Published on June 14, 2007 at 1:25 PM
Il Linfoma di Burkitt Endemico è un modulo di cancro che rappresenta fino a 74% dei disordini maligni in bambini in Africa equatoriale.
La Malaria ed il Virus di Epstein-Barr (EBV) sono cofattori conosciuti nel suo sviluppo, ma fin qui, il loro contributo relativo non è stato capito bene. In un nuovo studio pubblicato online negli Agenti Patogeni di PLoS del giornale di aperto Access, i ricercatori al Karolinska Institutet a Stoccolma spiegano come determinati antigeni di falciparum del Plasmodio direttamente inducono la riattivazione (EBV) del Virus di Epstein-Barr, aumentando il rischio di Linfoma di Burkitt.
EBV è un virus onnipresente che stabilisce una persistenza per tutta la vita che segue l'infezione primaria. Come EBV pregiudica il suo host munisce di cardini un bilanciamento fra la latenza virale, replicazione virale ed ospita le risposte immunitarie. Generalmente inoffensivo in quasi ogni host e raramente in una causa della malattia, la riattivazione di EBV causale è stato associato con i vari cancri.

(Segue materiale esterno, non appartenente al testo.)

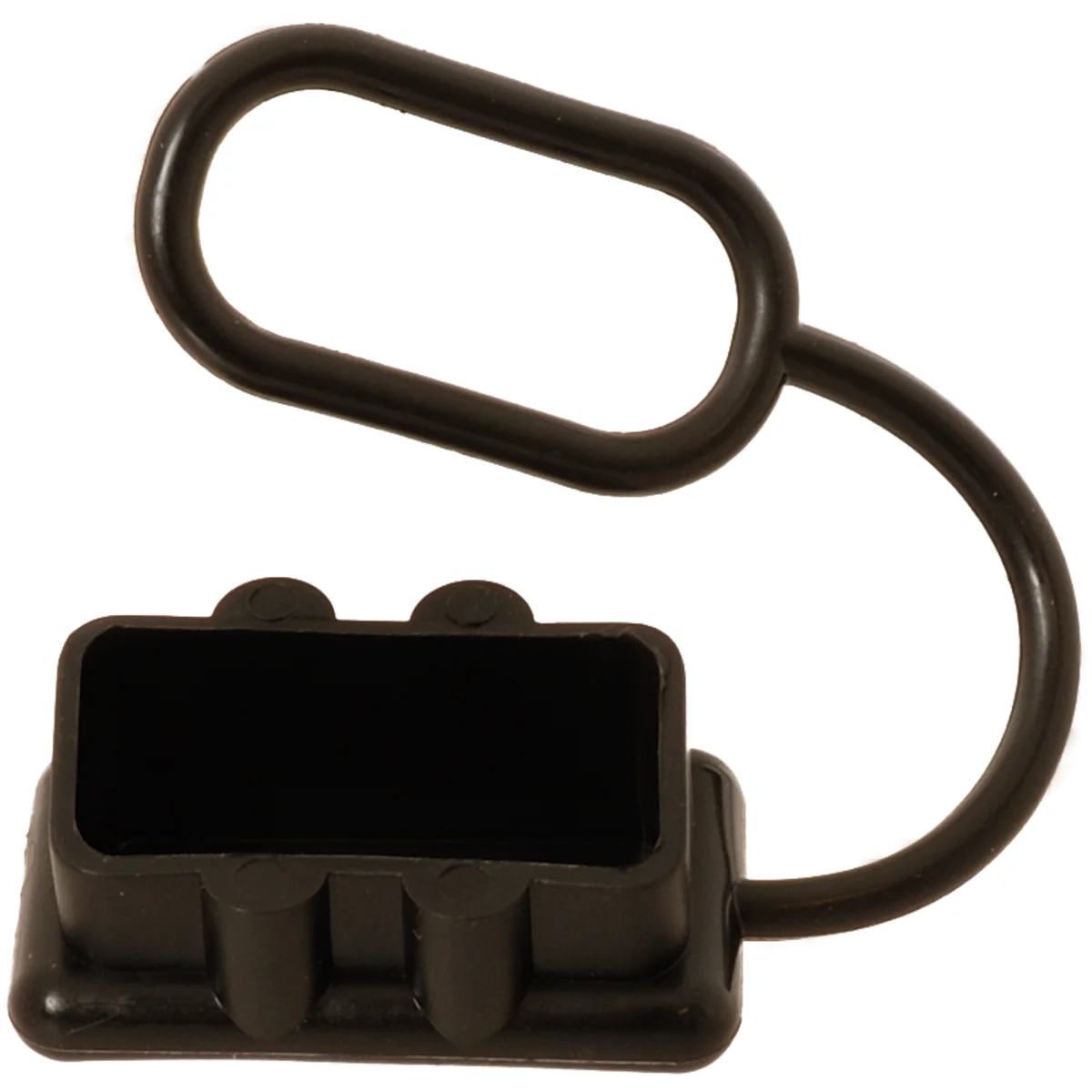 Dust cover 120A, Contact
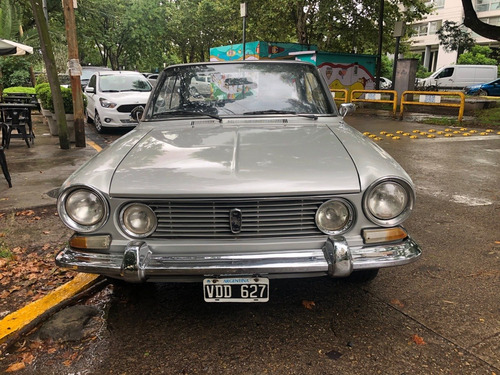 Torino 380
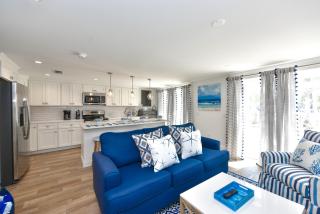 Bimini Breeze - Siesta Key - 7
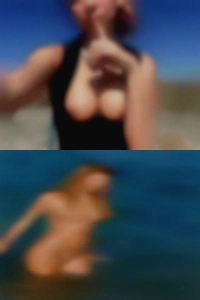 Free slutty scat swingers moves.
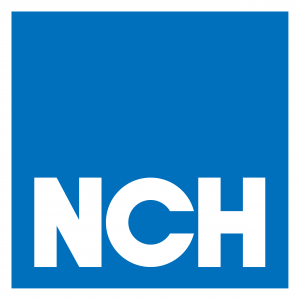 NCH_Logo_Solid_CMYK_PNG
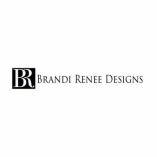 Brandi Renee Designs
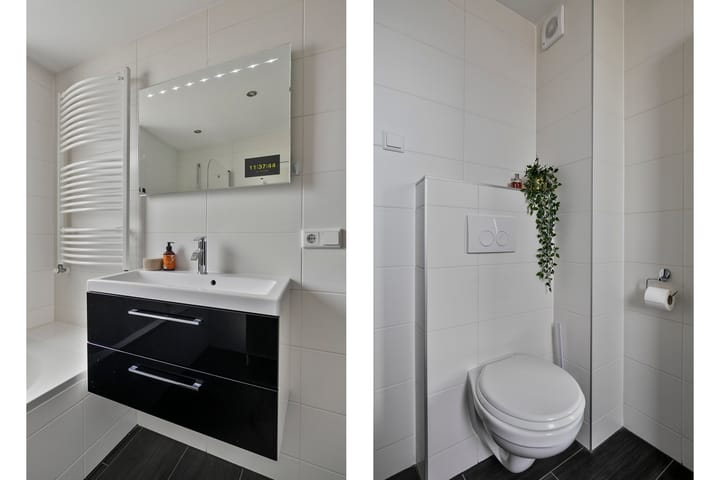 Foto 19 van Amienslaan 53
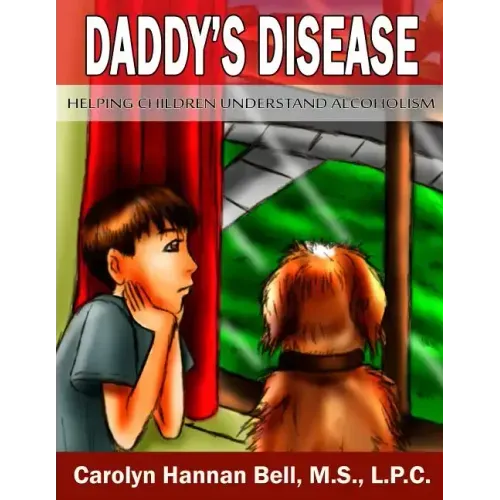 Daddy's Disease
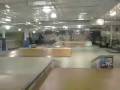 videos de Unused crap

L'infezione Acuta di malaria è conosciuta per aumentare il livello di fare circolare EBV, ma i meccanismi precisi attraverso cui questa riattivazione del virus si presenta erano stati precedentemente sconosciuti.
Ora, Arnaud Chene ed i colleghi hanno identificato CIDRla come la prima proteina microbica capace di stimolare una cella latente EBV-infettata in produzione attiva. I Loro risultati indicano che le proteine falciparum-derivate P. possono piombo ad una riattivazione diretta di EBV durante l'infezione acuta di malaria, aumentante il rischio di sviluppo di Linfoma di Burkitt per i bambini che vivono nelle aree di malaria-endemico.